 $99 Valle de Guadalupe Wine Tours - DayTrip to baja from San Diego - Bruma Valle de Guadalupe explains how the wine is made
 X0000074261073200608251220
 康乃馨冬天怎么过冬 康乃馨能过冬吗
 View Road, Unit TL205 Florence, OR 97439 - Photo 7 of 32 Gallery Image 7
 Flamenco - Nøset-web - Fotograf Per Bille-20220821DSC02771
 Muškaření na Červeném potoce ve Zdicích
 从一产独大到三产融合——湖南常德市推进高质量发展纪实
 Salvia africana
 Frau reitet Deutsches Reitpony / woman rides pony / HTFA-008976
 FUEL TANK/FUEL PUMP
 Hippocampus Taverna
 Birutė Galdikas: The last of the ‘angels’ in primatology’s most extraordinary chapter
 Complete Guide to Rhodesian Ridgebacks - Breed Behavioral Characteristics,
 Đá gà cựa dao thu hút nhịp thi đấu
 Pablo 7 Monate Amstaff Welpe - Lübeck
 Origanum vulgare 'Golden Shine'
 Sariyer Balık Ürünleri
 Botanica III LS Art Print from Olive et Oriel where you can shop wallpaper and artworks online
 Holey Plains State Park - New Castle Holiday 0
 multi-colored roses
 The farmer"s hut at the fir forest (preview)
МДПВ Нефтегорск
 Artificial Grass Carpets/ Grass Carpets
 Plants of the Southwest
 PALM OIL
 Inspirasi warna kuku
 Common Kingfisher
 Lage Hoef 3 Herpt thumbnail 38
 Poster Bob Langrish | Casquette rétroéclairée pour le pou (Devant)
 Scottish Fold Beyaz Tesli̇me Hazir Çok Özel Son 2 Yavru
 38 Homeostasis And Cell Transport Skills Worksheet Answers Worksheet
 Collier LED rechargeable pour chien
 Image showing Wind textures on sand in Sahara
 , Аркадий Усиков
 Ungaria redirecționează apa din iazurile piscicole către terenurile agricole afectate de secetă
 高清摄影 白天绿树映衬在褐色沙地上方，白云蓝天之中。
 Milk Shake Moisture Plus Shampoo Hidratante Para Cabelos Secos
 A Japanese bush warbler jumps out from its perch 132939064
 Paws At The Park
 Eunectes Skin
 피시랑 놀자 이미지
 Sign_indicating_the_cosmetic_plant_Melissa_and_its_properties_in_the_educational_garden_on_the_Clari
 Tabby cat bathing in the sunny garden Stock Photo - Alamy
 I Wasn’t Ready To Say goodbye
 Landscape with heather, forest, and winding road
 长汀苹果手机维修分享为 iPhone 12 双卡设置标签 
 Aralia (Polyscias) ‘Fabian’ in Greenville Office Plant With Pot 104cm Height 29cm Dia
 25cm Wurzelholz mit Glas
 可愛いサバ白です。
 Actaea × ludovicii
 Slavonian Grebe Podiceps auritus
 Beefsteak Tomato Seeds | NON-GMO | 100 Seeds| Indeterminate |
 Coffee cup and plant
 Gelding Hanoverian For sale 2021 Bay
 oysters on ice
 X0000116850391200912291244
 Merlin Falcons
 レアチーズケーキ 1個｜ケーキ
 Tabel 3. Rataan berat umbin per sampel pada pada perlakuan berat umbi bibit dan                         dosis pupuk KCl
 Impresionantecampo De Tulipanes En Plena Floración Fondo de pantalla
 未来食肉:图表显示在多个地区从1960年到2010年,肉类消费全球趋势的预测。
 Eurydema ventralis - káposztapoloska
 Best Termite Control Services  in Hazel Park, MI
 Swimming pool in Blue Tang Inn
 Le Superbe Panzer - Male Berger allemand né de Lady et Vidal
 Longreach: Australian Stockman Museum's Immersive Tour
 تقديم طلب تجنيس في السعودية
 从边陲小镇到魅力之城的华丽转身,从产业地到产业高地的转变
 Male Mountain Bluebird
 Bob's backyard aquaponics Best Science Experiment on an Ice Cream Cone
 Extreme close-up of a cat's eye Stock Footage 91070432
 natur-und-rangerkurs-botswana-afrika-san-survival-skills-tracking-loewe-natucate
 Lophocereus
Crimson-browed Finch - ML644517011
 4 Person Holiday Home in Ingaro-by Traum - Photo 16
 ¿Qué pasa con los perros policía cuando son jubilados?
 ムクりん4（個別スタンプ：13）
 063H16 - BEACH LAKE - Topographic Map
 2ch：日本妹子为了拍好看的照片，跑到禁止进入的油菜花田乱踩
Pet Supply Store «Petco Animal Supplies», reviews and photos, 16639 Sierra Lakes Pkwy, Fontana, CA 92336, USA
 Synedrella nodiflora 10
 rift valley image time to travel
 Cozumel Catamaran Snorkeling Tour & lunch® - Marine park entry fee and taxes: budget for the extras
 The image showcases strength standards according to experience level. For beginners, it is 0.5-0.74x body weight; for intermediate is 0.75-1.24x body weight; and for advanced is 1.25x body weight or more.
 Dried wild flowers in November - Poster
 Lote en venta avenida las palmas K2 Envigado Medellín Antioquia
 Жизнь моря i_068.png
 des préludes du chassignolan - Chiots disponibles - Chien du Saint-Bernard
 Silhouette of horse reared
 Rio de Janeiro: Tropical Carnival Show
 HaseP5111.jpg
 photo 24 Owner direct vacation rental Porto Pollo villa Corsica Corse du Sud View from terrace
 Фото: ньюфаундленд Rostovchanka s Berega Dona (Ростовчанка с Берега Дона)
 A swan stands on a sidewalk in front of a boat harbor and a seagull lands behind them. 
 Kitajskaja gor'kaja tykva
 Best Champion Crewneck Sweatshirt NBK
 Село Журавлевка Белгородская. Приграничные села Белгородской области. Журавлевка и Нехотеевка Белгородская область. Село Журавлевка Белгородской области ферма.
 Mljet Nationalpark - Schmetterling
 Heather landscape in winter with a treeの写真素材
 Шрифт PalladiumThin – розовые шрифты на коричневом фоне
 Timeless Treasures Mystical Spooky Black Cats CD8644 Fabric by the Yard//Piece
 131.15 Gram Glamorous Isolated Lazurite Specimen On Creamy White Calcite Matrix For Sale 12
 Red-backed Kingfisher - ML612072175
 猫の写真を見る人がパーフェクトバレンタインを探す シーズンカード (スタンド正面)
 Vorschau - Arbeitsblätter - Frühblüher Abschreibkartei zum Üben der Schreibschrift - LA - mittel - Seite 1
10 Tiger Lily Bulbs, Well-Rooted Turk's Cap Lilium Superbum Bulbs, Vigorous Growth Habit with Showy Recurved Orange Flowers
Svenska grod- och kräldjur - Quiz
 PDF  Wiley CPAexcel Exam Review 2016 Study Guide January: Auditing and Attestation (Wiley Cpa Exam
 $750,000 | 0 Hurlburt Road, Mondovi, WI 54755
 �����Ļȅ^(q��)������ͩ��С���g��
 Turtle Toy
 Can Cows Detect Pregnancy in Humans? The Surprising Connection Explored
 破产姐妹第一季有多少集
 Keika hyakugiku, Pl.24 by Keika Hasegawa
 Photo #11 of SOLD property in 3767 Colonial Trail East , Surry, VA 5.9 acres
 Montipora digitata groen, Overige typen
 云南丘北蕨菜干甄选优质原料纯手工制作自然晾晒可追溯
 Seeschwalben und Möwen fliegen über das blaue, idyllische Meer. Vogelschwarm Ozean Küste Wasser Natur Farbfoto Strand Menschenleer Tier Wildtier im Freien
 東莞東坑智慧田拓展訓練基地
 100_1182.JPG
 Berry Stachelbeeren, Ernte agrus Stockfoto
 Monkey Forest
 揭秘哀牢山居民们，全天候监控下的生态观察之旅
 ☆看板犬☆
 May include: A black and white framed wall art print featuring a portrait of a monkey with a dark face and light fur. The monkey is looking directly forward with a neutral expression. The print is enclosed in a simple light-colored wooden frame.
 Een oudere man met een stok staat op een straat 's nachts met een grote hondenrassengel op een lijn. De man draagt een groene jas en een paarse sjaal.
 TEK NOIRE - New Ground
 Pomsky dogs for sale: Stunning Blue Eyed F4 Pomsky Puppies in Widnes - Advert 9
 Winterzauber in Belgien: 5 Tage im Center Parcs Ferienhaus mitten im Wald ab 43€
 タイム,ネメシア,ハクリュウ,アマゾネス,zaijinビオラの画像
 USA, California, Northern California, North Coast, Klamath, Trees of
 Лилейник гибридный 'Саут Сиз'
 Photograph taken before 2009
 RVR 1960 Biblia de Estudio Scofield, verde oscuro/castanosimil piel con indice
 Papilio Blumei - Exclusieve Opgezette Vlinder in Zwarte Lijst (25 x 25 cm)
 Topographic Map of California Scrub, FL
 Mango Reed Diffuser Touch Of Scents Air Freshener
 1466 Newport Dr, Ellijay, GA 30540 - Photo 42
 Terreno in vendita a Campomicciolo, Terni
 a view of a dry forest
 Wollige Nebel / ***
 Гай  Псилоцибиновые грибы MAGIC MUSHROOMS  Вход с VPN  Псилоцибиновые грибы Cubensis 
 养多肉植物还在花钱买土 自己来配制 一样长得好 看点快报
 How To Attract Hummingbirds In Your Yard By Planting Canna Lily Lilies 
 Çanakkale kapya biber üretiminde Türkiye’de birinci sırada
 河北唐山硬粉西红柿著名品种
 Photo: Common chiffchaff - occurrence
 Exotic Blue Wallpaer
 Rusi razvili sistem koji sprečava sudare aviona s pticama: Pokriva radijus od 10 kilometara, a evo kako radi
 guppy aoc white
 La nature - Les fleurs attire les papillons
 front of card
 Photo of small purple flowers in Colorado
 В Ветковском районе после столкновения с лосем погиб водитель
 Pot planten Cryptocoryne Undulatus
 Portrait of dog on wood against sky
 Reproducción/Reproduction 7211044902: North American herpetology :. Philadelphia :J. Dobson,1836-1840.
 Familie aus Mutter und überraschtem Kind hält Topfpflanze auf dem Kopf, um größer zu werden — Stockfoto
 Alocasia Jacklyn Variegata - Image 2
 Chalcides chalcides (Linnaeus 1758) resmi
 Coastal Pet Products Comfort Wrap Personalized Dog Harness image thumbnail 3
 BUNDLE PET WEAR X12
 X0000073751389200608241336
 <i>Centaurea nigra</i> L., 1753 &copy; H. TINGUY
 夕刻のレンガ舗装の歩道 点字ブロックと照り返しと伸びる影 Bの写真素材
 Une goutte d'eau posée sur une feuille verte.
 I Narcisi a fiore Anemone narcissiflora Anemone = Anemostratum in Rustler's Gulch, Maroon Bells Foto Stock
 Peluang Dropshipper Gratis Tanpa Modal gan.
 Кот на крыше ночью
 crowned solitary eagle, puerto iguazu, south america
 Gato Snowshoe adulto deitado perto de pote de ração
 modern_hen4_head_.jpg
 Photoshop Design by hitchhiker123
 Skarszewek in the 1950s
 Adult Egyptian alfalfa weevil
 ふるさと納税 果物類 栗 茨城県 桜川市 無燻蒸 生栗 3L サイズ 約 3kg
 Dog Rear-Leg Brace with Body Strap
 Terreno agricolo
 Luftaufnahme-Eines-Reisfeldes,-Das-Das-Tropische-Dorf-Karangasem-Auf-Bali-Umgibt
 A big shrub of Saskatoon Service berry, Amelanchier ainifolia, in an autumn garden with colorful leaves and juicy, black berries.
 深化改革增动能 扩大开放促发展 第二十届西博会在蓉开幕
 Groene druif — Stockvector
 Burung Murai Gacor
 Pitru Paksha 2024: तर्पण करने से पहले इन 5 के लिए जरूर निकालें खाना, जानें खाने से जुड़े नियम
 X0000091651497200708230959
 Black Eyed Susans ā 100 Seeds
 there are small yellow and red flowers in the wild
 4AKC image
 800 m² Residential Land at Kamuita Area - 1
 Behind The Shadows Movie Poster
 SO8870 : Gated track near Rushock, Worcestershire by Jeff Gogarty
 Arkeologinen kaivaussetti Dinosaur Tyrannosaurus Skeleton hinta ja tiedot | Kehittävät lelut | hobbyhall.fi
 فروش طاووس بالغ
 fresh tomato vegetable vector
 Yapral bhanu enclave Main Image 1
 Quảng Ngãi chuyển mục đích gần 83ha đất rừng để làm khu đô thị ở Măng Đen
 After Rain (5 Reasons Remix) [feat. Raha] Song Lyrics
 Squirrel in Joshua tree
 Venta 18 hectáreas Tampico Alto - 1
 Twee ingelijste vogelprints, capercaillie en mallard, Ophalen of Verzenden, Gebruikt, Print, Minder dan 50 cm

[BRIEF]
Look above for the line holding "Le Superbe Panzer", then set down exactly that line and every line after it up to and including the line holding "Pet Supply Store", with nothing else.

[WRITTEN ANSWER]
 Le Superbe Panzer - Male Berger allemand né de Lady et Vidal
 Longreach: Australian Stockman Museum's Immersive Tour
 تقديم طلب تجنيس في السعودية
 从边陲小镇到魅力之城的华丽转身,从产业地到产业高地的转变
 Male Mountain Bluebird
 Bob's backyard aquaponics Best Science Experiment on an Ice Cream Cone
 Extreme close-up of a cat's eye Stock Footage 91070432
 natur-und-rangerkurs-botswana-afrika-san-survival-skills-tracking-loewe-natucate
 Lophocereus
Crimson-browed Finch - ML644517011
 4 Person Holiday Home in Ingaro-by Traum - Photo 16
 ¿Qué pasa con los perros policía cuando son jubilados?
 ムクりん4（個別スタンプ：13）
 063H16 - BEACH LAKE - Topographic Map
 2ch：日本妹子为了拍好看的照片，跑到禁止进入的油菜花田乱踩
Pet Supply Store «Petco Animal Supplies», reviews and photos, 16639 Sierra Lakes Pkwy, Fontana, CA 92336, USA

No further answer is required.